• **ACTIVITY**: The lines to repeat are those below from the one containing "Fietspompen - Pocket" down to the one containing "Obrázok produktu pre", both included; reproduce them exactly and nothing else.

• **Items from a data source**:
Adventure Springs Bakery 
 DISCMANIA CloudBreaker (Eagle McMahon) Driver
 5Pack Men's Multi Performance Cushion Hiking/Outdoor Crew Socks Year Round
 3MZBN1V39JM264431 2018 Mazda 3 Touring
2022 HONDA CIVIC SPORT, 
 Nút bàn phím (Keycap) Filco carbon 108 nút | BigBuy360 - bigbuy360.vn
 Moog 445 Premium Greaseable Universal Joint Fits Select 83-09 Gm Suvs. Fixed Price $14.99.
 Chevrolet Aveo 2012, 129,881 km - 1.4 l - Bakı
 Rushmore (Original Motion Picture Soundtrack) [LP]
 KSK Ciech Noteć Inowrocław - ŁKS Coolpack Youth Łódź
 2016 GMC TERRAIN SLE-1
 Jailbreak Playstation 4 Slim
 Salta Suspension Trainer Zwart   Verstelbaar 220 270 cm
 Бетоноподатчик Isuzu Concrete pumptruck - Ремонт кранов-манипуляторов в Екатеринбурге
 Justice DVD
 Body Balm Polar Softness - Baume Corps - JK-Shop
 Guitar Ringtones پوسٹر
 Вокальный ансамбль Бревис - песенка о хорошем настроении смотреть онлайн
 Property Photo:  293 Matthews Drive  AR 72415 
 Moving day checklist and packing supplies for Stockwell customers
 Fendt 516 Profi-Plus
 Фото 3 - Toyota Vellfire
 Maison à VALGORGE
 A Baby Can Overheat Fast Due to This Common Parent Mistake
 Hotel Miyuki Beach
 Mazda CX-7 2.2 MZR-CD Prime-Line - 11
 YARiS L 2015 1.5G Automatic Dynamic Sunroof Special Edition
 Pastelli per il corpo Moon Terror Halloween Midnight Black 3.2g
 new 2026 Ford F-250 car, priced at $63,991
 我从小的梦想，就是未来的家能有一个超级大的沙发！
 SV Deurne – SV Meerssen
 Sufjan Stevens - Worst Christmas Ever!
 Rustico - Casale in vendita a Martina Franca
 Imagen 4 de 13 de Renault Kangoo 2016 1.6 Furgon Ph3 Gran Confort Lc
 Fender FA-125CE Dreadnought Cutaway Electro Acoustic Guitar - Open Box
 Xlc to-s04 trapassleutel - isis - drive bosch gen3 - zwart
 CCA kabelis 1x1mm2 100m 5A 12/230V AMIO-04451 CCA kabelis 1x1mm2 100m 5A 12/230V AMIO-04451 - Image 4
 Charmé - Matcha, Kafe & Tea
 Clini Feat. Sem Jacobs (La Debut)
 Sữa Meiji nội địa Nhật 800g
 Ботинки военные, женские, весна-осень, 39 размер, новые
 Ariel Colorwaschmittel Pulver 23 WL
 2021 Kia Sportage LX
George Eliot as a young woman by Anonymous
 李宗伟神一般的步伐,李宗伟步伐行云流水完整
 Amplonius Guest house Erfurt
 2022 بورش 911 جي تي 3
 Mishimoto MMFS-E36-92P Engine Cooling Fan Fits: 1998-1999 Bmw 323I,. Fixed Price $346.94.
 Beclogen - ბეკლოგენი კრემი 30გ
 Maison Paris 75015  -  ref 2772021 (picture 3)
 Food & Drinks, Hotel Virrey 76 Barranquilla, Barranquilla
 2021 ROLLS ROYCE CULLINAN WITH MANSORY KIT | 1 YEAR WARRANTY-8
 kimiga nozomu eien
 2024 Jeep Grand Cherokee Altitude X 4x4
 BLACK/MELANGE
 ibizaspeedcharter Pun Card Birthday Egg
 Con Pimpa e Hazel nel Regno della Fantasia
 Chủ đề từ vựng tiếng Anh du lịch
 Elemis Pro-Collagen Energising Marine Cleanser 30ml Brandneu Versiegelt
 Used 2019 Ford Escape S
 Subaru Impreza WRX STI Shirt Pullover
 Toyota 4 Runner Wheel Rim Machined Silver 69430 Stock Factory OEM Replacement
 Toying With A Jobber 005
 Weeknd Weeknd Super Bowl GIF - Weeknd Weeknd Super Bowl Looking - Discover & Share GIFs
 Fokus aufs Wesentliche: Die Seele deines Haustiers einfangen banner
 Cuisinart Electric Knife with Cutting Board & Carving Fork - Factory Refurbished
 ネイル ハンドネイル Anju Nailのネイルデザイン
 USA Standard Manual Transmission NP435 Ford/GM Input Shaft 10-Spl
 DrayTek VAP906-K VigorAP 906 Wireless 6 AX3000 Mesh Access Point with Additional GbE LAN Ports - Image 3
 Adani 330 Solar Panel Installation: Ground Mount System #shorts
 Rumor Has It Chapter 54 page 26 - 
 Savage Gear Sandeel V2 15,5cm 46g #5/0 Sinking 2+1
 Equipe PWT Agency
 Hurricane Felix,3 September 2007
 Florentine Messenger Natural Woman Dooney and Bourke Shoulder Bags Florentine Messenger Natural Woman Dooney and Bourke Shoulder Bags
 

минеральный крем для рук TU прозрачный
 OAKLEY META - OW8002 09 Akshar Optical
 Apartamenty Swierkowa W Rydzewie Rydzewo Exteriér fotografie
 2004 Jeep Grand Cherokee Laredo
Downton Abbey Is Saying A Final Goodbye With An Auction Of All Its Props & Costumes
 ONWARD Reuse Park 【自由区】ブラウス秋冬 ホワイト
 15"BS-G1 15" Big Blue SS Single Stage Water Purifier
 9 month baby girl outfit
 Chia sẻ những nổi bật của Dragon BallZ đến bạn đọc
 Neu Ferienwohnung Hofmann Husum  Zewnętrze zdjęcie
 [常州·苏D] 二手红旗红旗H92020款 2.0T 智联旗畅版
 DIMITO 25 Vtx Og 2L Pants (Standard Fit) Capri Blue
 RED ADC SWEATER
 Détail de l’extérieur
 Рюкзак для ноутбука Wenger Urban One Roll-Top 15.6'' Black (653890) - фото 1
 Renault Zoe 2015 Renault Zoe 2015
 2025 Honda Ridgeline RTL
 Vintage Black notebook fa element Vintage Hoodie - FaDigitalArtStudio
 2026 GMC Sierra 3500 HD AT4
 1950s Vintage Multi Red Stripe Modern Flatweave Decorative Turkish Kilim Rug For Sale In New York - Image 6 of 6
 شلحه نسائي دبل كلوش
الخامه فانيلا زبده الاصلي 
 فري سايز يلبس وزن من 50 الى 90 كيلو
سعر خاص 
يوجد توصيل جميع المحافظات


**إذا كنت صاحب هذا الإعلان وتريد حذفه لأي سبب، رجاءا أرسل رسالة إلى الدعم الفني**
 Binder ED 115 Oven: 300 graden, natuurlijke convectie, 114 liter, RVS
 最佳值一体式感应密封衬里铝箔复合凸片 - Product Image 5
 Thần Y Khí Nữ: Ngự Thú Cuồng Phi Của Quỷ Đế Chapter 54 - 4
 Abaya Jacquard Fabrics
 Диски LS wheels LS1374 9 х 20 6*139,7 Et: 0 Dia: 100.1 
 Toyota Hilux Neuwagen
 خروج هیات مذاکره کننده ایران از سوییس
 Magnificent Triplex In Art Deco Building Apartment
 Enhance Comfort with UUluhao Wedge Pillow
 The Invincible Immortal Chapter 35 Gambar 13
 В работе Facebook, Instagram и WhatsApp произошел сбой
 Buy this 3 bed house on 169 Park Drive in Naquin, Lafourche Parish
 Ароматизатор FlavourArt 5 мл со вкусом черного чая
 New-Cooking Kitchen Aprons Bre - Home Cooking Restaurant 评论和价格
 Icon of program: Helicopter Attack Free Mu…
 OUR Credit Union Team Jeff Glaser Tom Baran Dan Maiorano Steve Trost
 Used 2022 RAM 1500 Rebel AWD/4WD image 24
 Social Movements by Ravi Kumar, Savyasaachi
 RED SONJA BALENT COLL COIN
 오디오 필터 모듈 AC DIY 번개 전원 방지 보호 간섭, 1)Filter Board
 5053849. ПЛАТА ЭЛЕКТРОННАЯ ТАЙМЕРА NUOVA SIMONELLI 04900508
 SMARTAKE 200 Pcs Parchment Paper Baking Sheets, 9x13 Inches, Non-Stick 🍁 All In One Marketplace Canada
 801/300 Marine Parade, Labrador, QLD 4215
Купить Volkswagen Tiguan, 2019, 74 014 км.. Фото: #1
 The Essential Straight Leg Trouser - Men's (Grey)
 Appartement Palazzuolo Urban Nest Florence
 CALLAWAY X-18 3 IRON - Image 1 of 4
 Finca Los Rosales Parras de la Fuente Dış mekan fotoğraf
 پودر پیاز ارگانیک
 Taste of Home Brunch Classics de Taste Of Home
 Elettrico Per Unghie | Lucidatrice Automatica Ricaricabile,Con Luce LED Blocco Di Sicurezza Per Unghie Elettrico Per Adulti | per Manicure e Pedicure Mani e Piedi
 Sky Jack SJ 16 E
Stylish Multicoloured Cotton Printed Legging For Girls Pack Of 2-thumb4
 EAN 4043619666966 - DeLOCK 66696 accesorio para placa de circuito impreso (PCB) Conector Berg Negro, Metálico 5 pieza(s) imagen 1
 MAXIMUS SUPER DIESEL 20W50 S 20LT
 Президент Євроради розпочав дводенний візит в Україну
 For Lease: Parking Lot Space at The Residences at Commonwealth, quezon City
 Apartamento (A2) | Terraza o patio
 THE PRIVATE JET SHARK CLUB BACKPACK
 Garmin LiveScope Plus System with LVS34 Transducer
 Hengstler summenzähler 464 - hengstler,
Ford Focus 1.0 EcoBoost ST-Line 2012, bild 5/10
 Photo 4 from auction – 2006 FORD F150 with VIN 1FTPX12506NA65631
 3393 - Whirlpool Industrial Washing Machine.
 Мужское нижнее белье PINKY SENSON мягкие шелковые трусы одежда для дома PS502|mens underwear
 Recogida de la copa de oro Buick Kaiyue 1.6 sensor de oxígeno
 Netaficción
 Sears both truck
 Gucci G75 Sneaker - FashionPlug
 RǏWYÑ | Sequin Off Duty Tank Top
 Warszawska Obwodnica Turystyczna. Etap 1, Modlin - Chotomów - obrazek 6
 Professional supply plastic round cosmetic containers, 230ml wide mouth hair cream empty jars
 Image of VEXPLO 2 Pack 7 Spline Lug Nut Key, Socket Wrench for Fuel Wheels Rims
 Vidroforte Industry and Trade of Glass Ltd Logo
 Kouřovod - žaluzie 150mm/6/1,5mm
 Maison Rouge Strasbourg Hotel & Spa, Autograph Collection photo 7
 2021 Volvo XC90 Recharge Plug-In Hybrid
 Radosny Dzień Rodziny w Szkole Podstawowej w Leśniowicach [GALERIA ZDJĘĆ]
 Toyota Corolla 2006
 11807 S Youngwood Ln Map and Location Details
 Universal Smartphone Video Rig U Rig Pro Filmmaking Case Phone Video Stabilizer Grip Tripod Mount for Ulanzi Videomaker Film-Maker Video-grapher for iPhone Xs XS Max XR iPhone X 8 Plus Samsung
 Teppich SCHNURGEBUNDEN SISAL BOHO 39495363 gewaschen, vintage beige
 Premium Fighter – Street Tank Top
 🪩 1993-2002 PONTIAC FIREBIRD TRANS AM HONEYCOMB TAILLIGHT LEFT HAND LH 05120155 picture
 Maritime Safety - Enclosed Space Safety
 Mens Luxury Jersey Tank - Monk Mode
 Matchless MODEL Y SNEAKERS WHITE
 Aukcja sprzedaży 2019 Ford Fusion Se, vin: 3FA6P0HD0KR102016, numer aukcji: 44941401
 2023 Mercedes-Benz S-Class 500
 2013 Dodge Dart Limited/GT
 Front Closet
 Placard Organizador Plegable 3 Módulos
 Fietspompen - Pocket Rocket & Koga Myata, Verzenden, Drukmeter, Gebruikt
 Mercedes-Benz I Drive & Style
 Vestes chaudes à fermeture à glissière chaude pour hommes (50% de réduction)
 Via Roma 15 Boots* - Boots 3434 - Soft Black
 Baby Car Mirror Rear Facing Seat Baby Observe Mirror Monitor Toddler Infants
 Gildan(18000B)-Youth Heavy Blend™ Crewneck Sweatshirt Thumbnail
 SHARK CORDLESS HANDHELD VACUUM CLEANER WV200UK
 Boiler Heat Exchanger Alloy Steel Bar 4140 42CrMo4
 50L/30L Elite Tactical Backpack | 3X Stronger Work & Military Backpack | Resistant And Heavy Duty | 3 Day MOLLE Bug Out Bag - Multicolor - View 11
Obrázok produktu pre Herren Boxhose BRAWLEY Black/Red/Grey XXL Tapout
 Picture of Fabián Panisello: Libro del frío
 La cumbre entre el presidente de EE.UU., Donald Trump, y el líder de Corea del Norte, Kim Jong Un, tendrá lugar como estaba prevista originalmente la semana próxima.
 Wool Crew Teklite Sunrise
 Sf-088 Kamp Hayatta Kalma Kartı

• **SOLVED EXERCISE**:
 Fietspompen - Pocket Rocket & Koga Myata, Verzenden, Drukmeter, Gebruikt
 Mercedes-Benz I Drive & Style
 Vestes chaudes à fermeture à glissière chaude pour hommes (50% de réduction)
 Via Roma 15 Boots* - Boots 3434 - Soft Black
 Baby Car Mirror Rear Facing Seat Baby Observe Mirror Monitor Toddler Infants
 Gildan(18000B)-Youth Heavy Blend™ Crewneck Sweatshirt Thumbnail
 SHARK CORDLESS HANDHELD VACUUM CLEANER WV200UK
 Boiler Heat Exchanger Alloy Steel Bar 4140 42CrMo4
 50L/30L Elite Tactical Backpack | 3X Stronger Work & Military Backpack | Resistant And Heavy Duty | 3 Day MOLLE Bug Out Bag - Multicolor - View 11
Obrázok produktu pre Herren Boxhose BRAWLEY Black/Red/Grey XXL Tapout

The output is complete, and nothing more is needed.